Records for this task

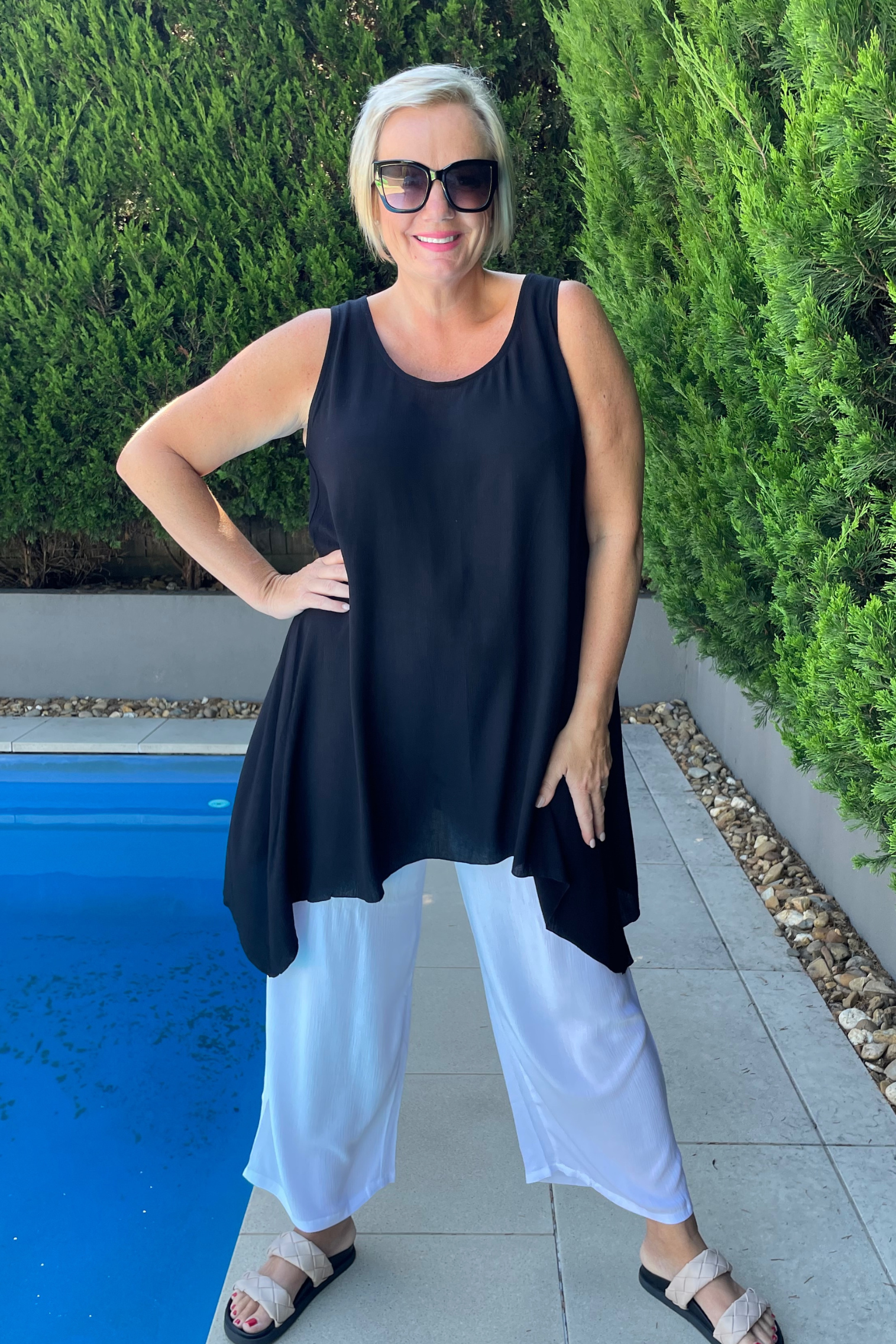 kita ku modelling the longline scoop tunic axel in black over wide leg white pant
---
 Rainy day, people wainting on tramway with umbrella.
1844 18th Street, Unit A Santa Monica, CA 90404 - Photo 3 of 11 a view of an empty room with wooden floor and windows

Your objective
Pick out and copy the lines of the material that include the word "with".

Result for this exercise
 Rainy day, people wainting on tramway with umbrella.
1844 18th Street, Unit A Santa Monica, CA 90404 - Photo 3 of 11 a view of an empty room with wooden floor and windows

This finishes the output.